Some private landlords are heroes, but the worst examples treat students with outright disdain. Most scholars are young and excited to be living independently for the first time. They are optimistic and accept the shabby state of the property, although a broken heater in September seems more important when December comes.
Some houses are so bad you’d think the Young Ones was a documentary. Owners rent out hovels, knowing they won’t make get as much money, but won’t have to do any repairs. They don’t reckon on parents. Do not mess with articulate, protective, litigious parents. They are fierce.
Rigsby-ite owners assume they can cheat and fleece students, ignoring the Deposit Protection Scheme or docking money for minor misdemeanours. One landlord even tried to charge a back-dated retainer on a house we’d moved into in the autumn. Nice try.
Neighbours argue that students destroy their community, having moved for the old style houses or peace and quiet, not parties, gigs and poster sales. Students, meanwhile counter that they need to live somewhere.
It’s not their fault, but students are a beacon for crime. Criminals think they own computers, drugs, loads of lovely cash and consumer items, and landlords can put burglar alarms low down on the list of importance.

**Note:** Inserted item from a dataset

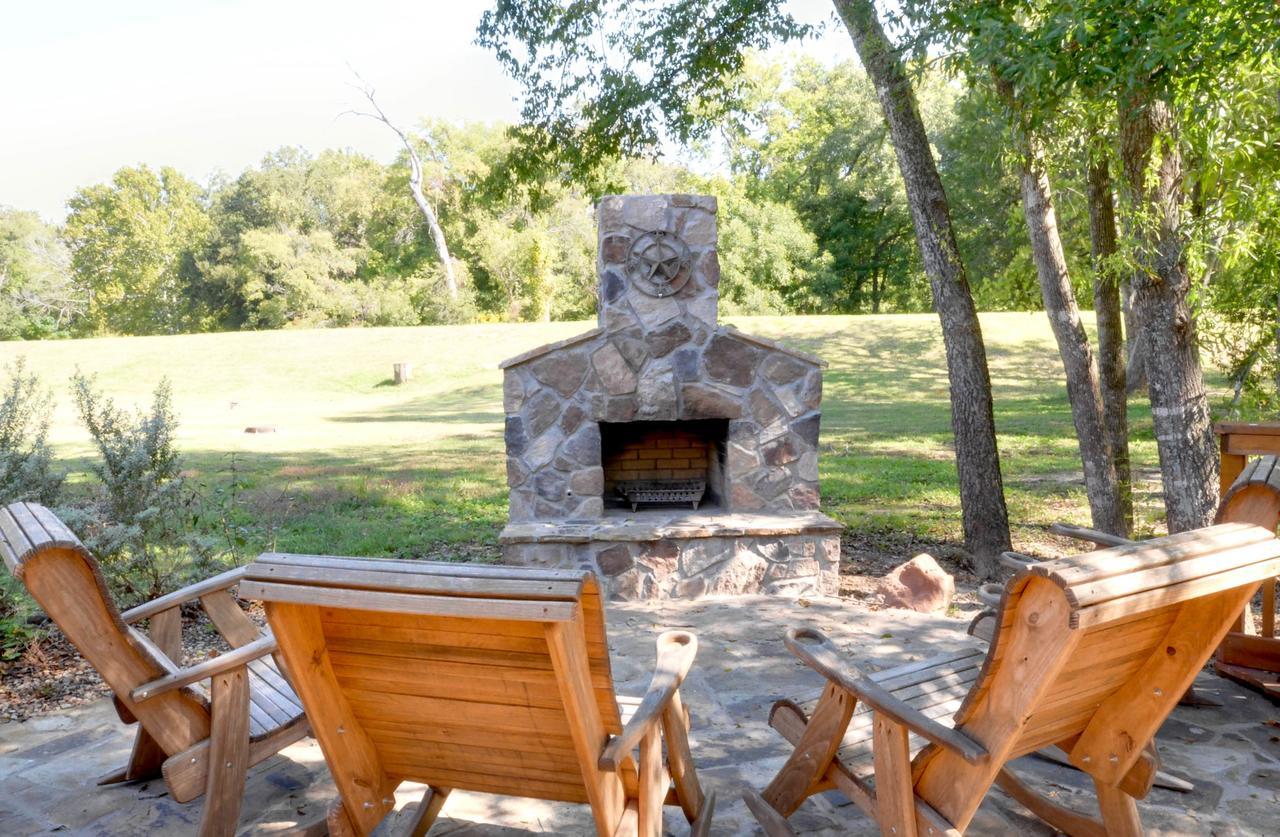 Mill Creek Ranch Resort Canton Luaran gambar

Studentland is very quite in May (exams) but noisy in June (parties!) Outside of term time, it’s a wasteland. One friend watched the value of his home tumble, and then the accompanying theft and mugging rates made the streets a no-go. He was beaten up on his own doorstep, and moved away.
Buses are so plentiful that diesel smog chokes your lungs and obstructs the view. Then come July they all migrate in herds like Wildebeest back to the depot, where they stay grazing until September. Mind you, for those no longer in the first flush of youth, it’s a compliment to be asked at the bus-stop what course you are on.
Student zones are coalmine canaries, indicating where the next up and coming area will be, usually full of large cheap family homes, unrenovated, with intact original features (and a smell of stale weed and pizzas).
One neighbourhood in Edinburgh campaigned against the transient nature of its student population, which they claimed discouraged any sense of community. The students offered to organise a street party for the grumpy neighbours, who were long past the stage of swigging BOGOF Frascati from the bottle with a fag end bobbing about, but it’s the thought that counts.